Last night while attempting to watch a recording in progress, HD local not OTA, the box locked up and was totally unresponsive. I did nothing until the recording was scheduled to end. After red button reset all came back including the completed recording. I was able to watch the recording with no problem.


----------



## iceman2a (Dec 30, 2005)

I added 2 local OTA sub-chnls to my guide, both weather chnls!

7-2 works fine!

5-2 I get guide info no audio or video! change chnl, get guide info, no audio or video on any chnl ???

I can "power off" the HR20, then "power it back on" it returns to the chanel I was @ before trying to tune to the sub chnl, no matter what chnl I was on when I powered off!!
This repeats *everytime* I tune to that piticular sub chnl!

Could this be a PSIP problem from that local sub chnl??
Does not do this on my H20!!


----------



## texasbrit (Aug 9, 2006)

911medic said:


> Thanks for the feedback.
> 
> The explanation regarding a chip problem in the TV would be more acceptable if HDMI and the TV's "16:9 Enhanced Mode" didn't work just fine with the HR10-250 using this exact same HDMI cable and TV.
> 
> ...


Yes, with these HDMI issues things that work with one box don't work with another.

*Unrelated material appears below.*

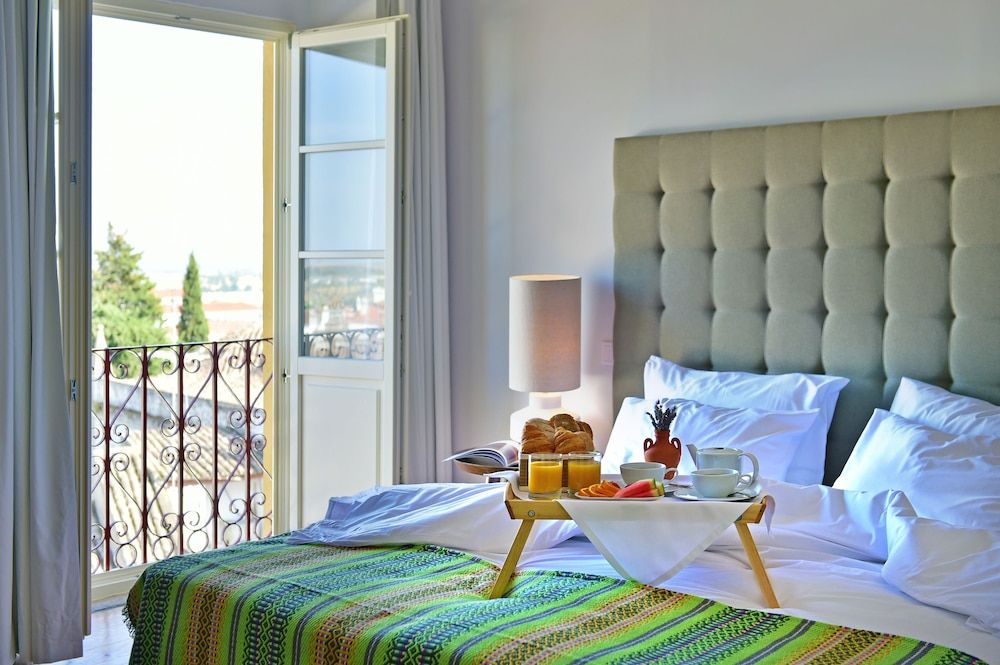 Noble House Essence Evora by Unlock Boutique Hotels 1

The HR20 and HR10 of course use different HDMI chips. But the Sony TVs seem to be the only ones having this particular problem with the HR20. One of the general problems as I understand it is that the HDMI spec is not very good, and so there are differences between implementations. These usually result in HDMI not working at all, or being intermittent, but this strange resolution/aspect ratio issue seems to be unique to Sony.


----------



## billt1111 (Aug 16, 2006)

texasbrit said:


> Yes, with these HDMI issues things that work with one box don't work with another. The HR20 and HR10 of course use different HDMI chips. But the Sony TVs seem to be the only ones having this particular problem with the HR20. One of the general problems as I understand it is that the HDMI spec is not very good, and so there are differences between implementations. These usually result in HDMI not working at all, or being intermittent, but this strange resolution/aspect ratio issue seems to be unique to Sony.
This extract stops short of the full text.